# ess_bulk: Bulk effective sample size (bulk-ESS) In posterior: Tools for Working with Posterior Distributions

## Description

Compute a bulk effective sample size estimate (bulk-ESS) for a single variable. Bulk-ESS is useful as a diagnostic for the sampling efficiency in the bulk of the posterior. It is defined as the effective sample size for rank normalized values using split chains.
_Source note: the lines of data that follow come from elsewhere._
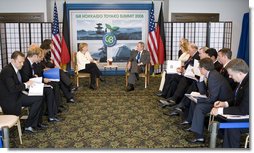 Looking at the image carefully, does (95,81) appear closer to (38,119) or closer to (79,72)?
(79,72)

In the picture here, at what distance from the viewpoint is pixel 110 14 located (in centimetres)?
993

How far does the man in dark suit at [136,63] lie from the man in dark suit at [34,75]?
286 cm

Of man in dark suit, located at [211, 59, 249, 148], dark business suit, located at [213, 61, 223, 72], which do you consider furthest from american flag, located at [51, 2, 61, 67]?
man in dark suit, located at [211, 59, 249, 148]

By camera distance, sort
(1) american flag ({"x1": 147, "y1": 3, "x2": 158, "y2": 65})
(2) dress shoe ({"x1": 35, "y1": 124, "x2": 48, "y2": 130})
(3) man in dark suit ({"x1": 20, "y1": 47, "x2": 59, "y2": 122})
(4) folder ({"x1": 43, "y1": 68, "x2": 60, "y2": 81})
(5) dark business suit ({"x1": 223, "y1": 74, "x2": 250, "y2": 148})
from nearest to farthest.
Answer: (5) dark business suit ({"x1": 223, "y1": 74, "x2": 250, "y2": 148}) → (2) dress shoe ({"x1": 35, "y1": 124, "x2": 48, "y2": 130}) → (3) man in dark suit ({"x1": 20, "y1": 47, "x2": 59, "y2": 122}) → (4) folder ({"x1": 43, "y1": 68, "x2": 60, "y2": 81}) → (1) american flag ({"x1": 147, "y1": 3, "x2": 158, "y2": 65})

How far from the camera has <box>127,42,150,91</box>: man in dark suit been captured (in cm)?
782

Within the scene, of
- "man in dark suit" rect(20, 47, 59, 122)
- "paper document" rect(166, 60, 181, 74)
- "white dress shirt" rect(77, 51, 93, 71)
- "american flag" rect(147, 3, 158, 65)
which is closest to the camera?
"man in dark suit" rect(20, 47, 59, 122)

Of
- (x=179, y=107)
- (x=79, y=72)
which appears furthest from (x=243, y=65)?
(x=79, y=72)

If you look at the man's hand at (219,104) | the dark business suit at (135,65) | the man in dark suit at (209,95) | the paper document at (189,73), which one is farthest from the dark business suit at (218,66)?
the dark business suit at (135,65)

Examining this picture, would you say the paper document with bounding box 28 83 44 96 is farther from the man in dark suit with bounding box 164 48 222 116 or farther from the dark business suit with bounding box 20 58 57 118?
the man in dark suit with bounding box 164 48 222 116

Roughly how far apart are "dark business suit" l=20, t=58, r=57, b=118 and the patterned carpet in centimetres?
25

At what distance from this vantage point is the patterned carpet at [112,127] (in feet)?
14.0

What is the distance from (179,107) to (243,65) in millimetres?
2138

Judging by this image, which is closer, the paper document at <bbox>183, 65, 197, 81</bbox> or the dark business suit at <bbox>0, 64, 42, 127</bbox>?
the dark business suit at <bbox>0, 64, 42, 127</bbox>

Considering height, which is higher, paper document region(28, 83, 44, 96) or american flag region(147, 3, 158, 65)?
american flag region(147, 3, 158, 65) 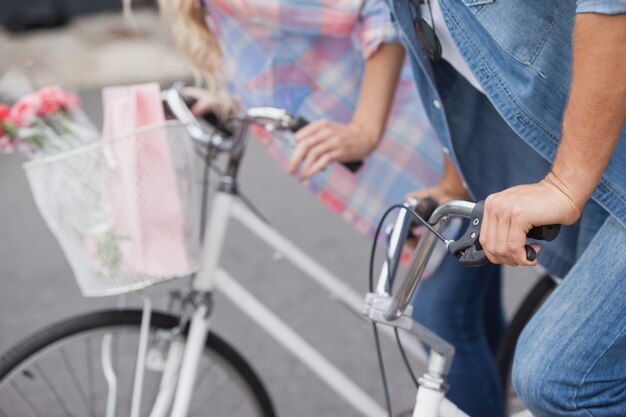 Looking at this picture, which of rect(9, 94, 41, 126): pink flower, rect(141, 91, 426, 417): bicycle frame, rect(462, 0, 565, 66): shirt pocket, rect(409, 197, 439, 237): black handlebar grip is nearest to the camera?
rect(462, 0, 565, 66): shirt pocket

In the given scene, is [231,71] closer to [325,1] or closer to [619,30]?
[325,1]

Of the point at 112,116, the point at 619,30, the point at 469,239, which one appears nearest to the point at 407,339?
the point at 112,116

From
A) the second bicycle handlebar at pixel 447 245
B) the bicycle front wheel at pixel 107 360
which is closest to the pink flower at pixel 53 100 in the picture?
the bicycle front wheel at pixel 107 360

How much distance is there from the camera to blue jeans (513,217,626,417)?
64.9 inches

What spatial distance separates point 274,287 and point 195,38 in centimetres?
204

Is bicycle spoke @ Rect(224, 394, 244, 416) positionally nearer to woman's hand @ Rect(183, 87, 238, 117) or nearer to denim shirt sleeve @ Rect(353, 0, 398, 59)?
woman's hand @ Rect(183, 87, 238, 117)

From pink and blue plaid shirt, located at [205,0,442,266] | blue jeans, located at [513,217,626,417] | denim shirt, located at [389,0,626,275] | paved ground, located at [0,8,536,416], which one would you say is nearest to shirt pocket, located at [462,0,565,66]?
denim shirt, located at [389,0,626,275]

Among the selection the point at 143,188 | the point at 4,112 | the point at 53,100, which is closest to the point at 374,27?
the point at 143,188

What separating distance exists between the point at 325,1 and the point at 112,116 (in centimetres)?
51

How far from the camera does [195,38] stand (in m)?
A: 2.56

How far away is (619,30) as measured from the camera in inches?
57.7

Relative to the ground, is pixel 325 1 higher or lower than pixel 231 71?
higher

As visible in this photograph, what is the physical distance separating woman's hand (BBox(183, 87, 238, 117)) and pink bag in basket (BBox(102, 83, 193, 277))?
23cm

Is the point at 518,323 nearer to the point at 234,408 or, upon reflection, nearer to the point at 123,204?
the point at 234,408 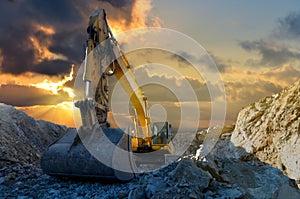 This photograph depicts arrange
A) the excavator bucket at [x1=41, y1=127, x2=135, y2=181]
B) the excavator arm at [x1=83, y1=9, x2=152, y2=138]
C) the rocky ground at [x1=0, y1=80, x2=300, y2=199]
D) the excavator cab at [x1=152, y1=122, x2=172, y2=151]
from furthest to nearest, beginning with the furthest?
the excavator cab at [x1=152, y1=122, x2=172, y2=151]
the excavator arm at [x1=83, y1=9, x2=152, y2=138]
the excavator bucket at [x1=41, y1=127, x2=135, y2=181]
the rocky ground at [x1=0, y1=80, x2=300, y2=199]

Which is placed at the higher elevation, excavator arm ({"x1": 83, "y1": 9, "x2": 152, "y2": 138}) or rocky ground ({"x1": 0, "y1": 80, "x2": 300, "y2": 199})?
excavator arm ({"x1": 83, "y1": 9, "x2": 152, "y2": 138})

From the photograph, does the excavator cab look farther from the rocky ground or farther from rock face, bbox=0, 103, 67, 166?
rock face, bbox=0, 103, 67, 166

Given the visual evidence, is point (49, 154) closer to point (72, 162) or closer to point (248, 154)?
point (72, 162)

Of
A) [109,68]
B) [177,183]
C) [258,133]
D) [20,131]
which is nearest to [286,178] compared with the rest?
[258,133]

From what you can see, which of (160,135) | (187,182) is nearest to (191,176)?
(187,182)

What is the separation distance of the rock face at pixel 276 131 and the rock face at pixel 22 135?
24.8 ft

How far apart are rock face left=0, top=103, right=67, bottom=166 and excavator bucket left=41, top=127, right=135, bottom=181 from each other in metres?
3.58

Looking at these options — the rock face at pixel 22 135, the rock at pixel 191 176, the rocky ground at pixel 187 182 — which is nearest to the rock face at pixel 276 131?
the rocky ground at pixel 187 182

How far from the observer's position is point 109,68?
339 inches

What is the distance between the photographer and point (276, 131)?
24.3 ft

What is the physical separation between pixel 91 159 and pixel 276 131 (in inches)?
182

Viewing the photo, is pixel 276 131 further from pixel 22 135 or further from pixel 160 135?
pixel 22 135

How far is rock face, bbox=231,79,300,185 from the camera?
21.5 ft

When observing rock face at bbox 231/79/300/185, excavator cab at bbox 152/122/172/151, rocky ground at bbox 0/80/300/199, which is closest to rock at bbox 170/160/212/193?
rocky ground at bbox 0/80/300/199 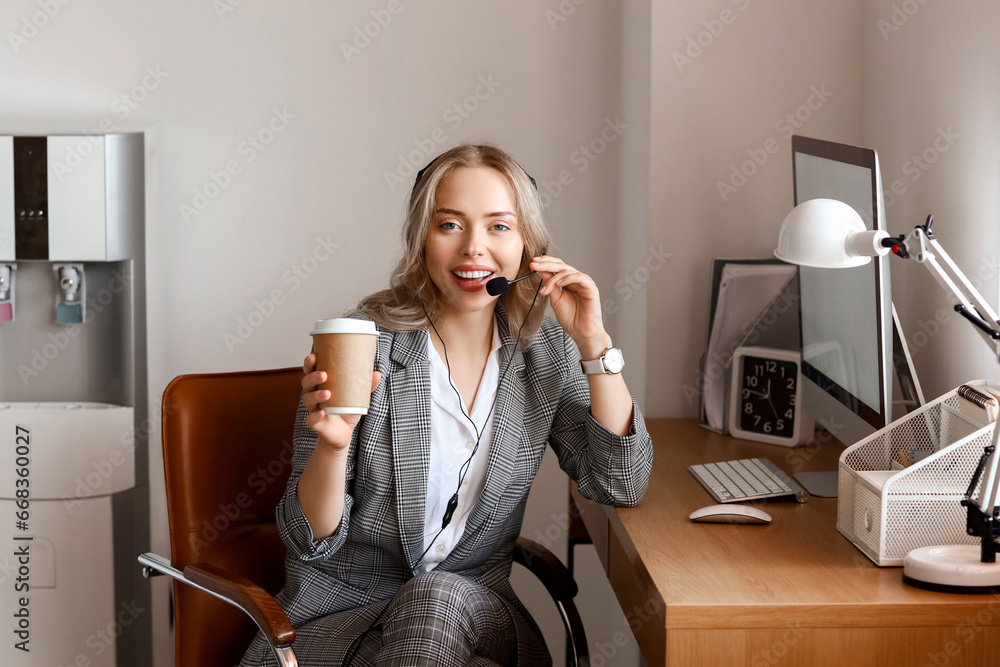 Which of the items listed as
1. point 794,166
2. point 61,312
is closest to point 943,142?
point 794,166

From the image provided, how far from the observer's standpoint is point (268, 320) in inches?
95.4

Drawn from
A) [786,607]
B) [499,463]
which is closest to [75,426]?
[499,463]

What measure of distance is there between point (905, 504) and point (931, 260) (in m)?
0.34

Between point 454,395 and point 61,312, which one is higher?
point 61,312

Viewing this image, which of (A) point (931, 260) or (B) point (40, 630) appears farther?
(B) point (40, 630)

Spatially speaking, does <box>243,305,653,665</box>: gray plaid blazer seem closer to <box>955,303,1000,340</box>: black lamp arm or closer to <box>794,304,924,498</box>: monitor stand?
<box>794,304,924,498</box>: monitor stand

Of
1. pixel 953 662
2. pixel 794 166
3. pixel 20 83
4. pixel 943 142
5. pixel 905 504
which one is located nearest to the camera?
pixel 953 662

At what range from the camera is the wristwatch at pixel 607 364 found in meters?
1.49

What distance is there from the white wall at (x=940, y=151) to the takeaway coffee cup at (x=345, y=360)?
1141mm

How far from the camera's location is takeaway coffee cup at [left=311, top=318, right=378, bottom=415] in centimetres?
112

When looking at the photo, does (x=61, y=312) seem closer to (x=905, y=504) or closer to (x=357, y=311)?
(x=357, y=311)

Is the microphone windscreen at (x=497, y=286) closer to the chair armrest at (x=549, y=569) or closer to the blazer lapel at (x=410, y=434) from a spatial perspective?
the blazer lapel at (x=410, y=434)

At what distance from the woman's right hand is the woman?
116 millimetres

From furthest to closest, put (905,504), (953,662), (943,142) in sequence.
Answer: (943,142) → (905,504) → (953,662) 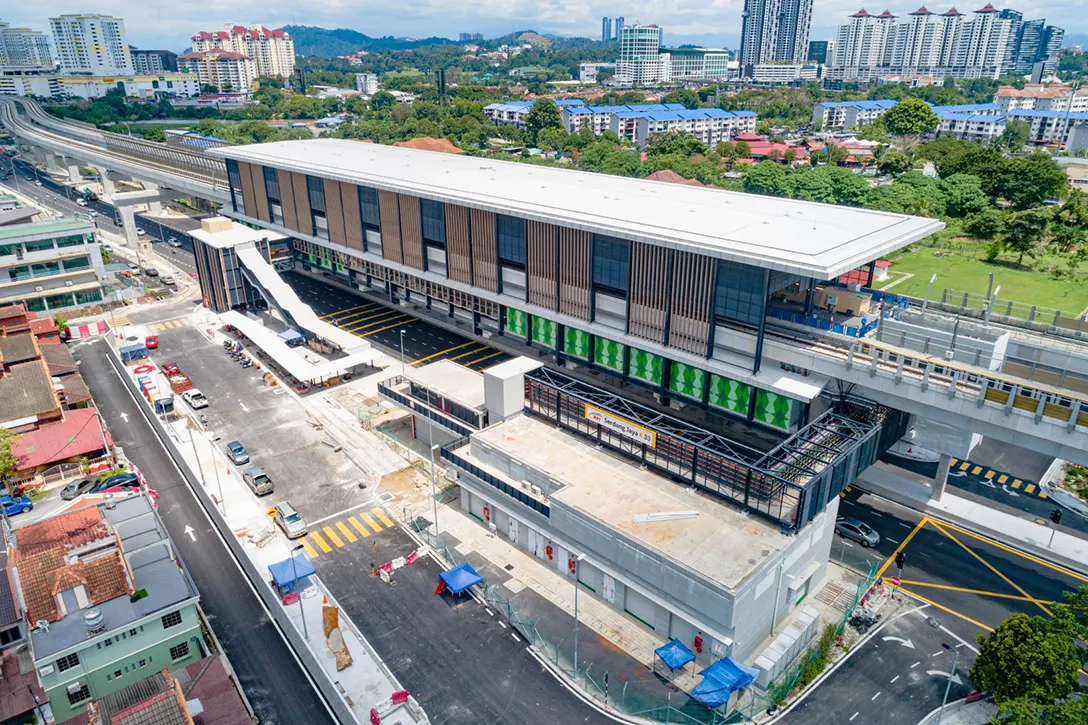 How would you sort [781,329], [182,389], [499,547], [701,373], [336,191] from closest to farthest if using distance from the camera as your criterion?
1. [499,547]
2. [781,329]
3. [701,373]
4. [182,389]
5. [336,191]

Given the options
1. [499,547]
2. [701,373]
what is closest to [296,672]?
[499,547]

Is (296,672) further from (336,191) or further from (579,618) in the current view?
(336,191)

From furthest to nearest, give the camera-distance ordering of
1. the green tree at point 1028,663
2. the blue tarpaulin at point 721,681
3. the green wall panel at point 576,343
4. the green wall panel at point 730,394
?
1. the green wall panel at point 576,343
2. the green wall panel at point 730,394
3. the blue tarpaulin at point 721,681
4. the green tree at point 1028,663

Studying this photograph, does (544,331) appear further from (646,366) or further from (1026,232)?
(1026,232)

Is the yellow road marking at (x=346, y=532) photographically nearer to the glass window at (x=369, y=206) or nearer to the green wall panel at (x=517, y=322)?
the green wall panel at (x=517, y=322)

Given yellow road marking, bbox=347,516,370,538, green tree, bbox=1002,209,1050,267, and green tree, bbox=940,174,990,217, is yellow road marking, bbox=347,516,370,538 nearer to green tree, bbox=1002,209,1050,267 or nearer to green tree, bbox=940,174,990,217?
green tree, bbox=1002,209,1050,267

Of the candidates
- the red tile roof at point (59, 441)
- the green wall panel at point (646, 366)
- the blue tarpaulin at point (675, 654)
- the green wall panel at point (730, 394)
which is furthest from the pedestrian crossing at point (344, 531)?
the green wall panel at point (730, 394)

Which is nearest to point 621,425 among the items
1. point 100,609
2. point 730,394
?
point 730,394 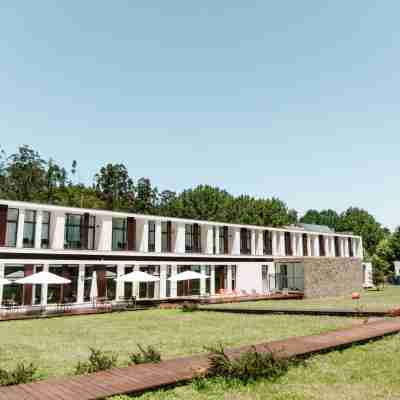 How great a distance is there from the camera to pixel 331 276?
40.4 m

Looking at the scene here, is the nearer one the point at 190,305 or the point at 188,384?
the point at 188,384

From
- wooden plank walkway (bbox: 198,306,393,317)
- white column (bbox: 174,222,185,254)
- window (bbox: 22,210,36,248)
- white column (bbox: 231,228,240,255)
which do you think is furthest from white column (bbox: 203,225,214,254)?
window (bbox: 22,210,36,248)

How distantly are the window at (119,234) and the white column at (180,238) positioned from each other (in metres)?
5.42

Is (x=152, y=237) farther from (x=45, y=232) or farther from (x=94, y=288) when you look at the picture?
(x=45, y=232)

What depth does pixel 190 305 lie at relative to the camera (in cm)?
2520

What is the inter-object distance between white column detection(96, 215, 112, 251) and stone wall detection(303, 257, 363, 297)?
18.4 metres

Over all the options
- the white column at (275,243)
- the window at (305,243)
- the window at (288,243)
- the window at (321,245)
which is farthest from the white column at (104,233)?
the window at (321,245)

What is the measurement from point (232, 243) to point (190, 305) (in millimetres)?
19050

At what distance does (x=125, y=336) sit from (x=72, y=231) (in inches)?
734

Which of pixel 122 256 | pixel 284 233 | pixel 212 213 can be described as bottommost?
pixel 122 256

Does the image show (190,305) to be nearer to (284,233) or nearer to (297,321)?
(297,321)

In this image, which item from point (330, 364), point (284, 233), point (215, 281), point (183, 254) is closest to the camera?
point (330, 364)

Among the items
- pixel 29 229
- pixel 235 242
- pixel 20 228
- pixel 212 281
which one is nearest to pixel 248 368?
pixel 20 228

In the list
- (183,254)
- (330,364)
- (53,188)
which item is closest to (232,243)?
(183,254) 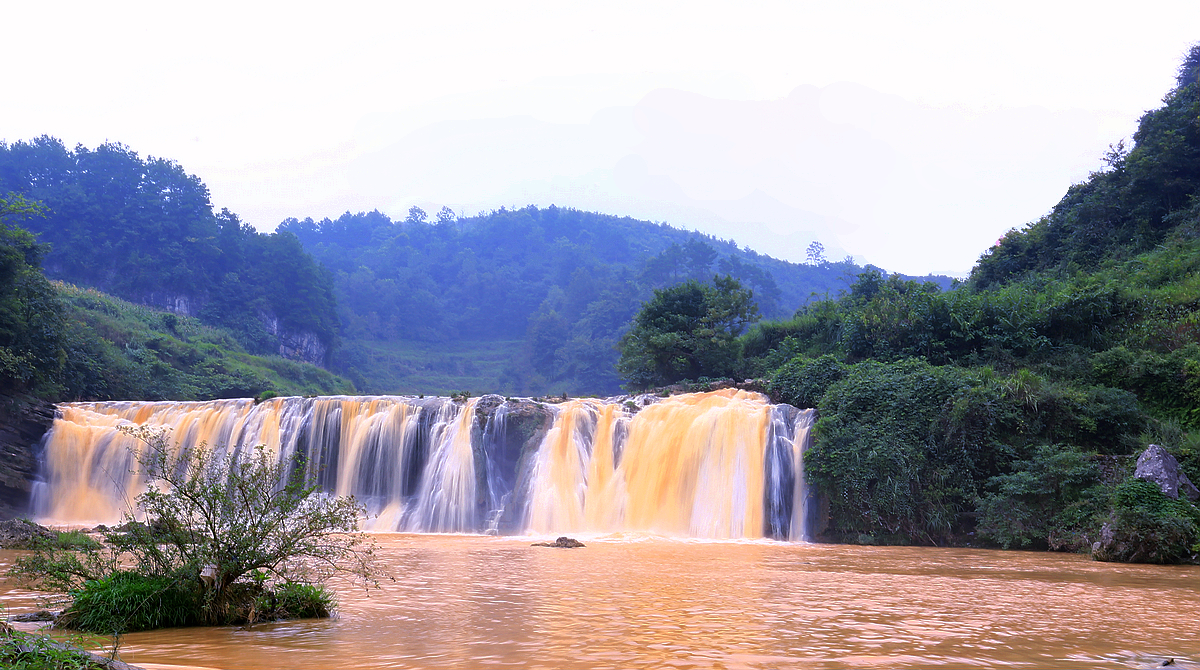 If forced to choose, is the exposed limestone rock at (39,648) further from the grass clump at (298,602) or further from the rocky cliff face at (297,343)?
the rocky cliff face at (297,343)

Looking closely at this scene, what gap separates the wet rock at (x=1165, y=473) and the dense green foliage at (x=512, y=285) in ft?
171

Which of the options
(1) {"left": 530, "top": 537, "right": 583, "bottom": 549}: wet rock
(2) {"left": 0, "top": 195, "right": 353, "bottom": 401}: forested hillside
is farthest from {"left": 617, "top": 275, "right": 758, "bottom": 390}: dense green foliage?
(2) {"left": 0, "top": 195, "right": 353, "bottom": 401}: forested hillside

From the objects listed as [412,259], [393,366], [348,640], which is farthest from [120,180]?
[348,640]

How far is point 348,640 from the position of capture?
5355mm

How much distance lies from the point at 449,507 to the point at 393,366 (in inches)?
2290

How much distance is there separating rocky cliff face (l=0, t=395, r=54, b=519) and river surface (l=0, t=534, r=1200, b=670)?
12.9 m

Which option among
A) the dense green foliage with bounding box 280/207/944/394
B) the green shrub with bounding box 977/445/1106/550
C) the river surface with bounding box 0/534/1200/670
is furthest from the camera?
the dense green foliage with bounding box 280/207/944/394

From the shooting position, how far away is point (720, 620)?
6227 mm

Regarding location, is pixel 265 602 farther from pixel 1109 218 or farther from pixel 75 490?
pixel 1109 218

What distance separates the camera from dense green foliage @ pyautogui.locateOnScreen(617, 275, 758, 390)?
89.2 feet

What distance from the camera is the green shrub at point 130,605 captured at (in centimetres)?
542

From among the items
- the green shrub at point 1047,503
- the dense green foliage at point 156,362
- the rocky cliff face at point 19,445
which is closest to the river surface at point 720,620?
the green shrub at point 1047,503

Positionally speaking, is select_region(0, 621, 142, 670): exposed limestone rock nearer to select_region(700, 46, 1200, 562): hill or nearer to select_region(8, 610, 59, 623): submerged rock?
select_region(8, 610, 59, 623): submerged rock

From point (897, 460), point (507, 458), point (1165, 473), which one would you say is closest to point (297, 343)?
point (507, 458) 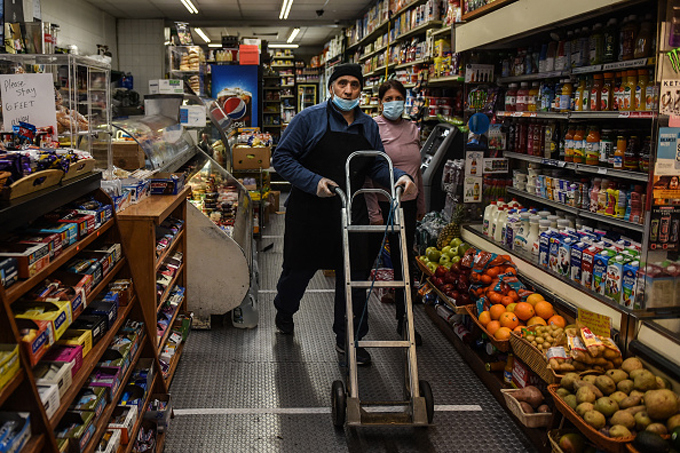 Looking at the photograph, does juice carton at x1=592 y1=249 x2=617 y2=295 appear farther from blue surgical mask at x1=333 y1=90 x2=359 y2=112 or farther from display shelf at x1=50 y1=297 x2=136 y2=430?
display shelf at x1=50 y1=297 x2=136 y2=430

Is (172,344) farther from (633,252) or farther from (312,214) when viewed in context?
(633,252)

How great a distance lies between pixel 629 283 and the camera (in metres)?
2.87

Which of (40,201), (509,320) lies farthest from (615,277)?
(40,201)

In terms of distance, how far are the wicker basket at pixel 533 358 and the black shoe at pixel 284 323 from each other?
1671 millimetres

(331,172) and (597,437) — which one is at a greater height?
(331,172)

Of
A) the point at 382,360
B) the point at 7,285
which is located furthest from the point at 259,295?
the point at 7,285

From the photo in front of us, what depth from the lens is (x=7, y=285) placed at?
1.55 metres

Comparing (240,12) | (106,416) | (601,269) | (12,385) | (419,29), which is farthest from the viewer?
(240,12)

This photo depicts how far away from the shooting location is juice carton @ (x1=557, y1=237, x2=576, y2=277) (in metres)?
3.42

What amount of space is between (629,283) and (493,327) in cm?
81

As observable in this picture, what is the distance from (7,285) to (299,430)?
1.86 metres

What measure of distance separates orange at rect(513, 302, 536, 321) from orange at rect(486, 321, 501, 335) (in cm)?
13

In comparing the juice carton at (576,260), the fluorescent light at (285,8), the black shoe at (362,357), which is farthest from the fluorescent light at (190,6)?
the juice carton at (576,260)

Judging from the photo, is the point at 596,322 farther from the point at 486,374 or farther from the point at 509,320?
the point at 486,374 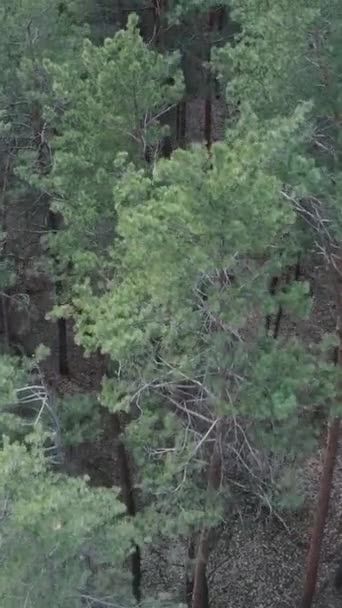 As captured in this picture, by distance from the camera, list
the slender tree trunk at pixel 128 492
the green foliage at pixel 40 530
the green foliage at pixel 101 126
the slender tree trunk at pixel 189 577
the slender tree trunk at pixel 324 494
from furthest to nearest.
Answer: the slender tree trunk at pixel 128 492 < the slender tree trunk at pixel 189 577 < the slender tree trunk at pixel 324 494 < the green foliage at pixel 101 126 < the green foliage at pixel 40 530

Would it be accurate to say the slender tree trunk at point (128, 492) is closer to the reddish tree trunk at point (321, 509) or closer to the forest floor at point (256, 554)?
the forest floor at point (256, 554)

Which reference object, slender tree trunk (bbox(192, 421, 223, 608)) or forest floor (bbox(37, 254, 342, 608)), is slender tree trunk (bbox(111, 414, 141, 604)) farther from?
slender tree trunk (bbox(192, 421, 223, 608))

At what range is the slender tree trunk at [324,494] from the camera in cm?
986

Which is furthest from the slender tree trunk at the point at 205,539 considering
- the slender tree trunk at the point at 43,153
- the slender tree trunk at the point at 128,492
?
the slender tree trunk at the point at 43,153

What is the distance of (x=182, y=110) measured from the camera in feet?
62.4

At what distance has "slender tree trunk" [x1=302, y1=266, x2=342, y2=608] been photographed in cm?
986

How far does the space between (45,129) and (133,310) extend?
5904 millimetres

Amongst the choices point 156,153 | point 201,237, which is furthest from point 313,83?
point 201,237

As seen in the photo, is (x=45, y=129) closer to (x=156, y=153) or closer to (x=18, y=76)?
(x=18, y=76)

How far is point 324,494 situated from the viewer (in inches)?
428

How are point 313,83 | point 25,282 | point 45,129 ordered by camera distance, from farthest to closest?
point 25,282 < point 45,129 < point 313,83

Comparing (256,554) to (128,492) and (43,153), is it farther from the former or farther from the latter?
(43,153)

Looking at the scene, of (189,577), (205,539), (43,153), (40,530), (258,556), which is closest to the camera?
(40,530)

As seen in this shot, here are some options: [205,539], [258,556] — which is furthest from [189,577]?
[205,539] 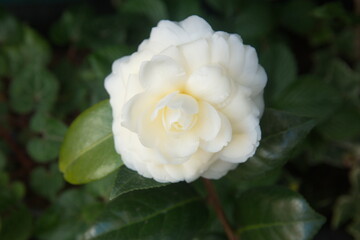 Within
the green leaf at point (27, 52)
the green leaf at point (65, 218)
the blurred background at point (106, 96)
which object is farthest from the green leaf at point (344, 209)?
the green leaf at point (27, 52)

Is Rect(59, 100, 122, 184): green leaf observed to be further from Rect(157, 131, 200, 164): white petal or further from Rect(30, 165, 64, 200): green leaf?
Rect(30, 165, 64, 200): green leaf

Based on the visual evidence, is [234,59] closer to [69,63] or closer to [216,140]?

For the tail effective sample size see `ess_tail()`.

## Usage

 ```1 2 3 4 5 6 7``` ```ess_bulk(x, ...) ## Default S3 method: ess_bulk(x, ...) ## S3 method for class 'rvar' ess_bulk(x, ...) ```

## Arguments

 `x` (multiple options) One of: A matrix of draws for a single variable (iterations x chains). See `extract_variable_matrix()`. An `rvar`. `...` Arguments passed to individual methods (if applicable).

## Value

If the input is an array, returns a single numeric value. If any of the draws is non-finite, that is, `NA`, `NaN`, `Inf`, or `-Inf`, the returned output will be (numeric) `NA`. Also, if all draws within any of the chains of a variable are the same (constant), the returned output will be (numeric) `NA` as well. The reason for the latter is that, for constant draws, we cannot distinguish between variables that are supposed to be constant (e.g., a diagonal element of a correlation matrix is always 1) or variables that just happened to be constant because of a failure of convergence or other problems in the sampling process.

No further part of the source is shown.